Task goal:
Scan the lines below and report each one containing "Crest" by copying it.
++++ Information provided
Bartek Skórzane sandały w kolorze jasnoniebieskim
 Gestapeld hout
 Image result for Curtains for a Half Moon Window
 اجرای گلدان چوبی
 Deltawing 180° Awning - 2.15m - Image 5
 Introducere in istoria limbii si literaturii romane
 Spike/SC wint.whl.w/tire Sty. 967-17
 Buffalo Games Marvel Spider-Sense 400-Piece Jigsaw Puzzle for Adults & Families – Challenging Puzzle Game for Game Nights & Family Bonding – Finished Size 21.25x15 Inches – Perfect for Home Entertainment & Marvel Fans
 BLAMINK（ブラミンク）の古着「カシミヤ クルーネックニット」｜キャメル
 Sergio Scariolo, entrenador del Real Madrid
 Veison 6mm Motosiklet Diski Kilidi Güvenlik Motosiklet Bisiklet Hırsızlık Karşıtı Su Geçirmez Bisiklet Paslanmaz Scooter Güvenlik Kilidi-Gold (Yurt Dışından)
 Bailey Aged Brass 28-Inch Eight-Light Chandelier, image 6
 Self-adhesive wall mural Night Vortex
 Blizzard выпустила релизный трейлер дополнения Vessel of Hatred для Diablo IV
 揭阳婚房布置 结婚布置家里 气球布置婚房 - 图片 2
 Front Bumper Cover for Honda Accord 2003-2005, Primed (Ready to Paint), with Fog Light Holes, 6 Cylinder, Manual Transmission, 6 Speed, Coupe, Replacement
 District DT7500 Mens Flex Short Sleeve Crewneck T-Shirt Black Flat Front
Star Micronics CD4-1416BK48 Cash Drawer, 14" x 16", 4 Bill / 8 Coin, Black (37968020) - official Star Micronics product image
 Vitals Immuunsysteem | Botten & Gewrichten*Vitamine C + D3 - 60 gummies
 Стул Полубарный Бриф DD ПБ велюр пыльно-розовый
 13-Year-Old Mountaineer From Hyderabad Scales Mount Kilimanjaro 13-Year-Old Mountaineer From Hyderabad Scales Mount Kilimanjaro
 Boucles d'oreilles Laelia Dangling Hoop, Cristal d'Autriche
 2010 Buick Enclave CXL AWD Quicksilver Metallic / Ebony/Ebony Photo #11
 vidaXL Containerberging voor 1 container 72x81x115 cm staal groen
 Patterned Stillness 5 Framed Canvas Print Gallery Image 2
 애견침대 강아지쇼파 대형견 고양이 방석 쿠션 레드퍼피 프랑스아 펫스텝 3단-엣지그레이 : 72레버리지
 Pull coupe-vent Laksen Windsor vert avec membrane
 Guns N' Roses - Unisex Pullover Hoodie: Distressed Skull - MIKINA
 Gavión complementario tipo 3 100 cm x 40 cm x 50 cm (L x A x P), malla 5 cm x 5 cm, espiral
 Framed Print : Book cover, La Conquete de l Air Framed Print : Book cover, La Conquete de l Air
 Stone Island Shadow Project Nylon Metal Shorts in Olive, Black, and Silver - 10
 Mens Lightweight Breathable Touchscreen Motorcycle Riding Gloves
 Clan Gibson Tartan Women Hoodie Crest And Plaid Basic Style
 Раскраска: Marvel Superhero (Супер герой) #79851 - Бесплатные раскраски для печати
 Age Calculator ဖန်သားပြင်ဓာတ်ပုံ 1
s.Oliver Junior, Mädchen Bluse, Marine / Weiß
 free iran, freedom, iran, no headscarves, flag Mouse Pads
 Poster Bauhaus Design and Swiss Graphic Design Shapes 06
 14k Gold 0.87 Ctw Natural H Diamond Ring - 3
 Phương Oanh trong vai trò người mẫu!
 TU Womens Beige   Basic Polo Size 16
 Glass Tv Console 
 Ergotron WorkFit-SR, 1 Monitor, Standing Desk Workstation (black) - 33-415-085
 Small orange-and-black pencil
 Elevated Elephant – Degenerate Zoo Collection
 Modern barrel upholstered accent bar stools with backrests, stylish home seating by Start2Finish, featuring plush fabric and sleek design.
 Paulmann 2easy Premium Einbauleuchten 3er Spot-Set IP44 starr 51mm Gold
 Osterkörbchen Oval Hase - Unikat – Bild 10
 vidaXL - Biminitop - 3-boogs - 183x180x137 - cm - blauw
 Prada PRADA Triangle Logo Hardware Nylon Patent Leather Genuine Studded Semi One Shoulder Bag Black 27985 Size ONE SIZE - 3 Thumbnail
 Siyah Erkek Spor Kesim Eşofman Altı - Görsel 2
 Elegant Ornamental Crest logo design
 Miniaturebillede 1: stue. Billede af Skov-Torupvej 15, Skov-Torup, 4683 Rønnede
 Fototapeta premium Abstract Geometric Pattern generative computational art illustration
++++++++
Output below:
 Clan Gibson Tartan Women Hoodie Crest And Plaid Basic Style
 Elegant Ornamental Crest logo design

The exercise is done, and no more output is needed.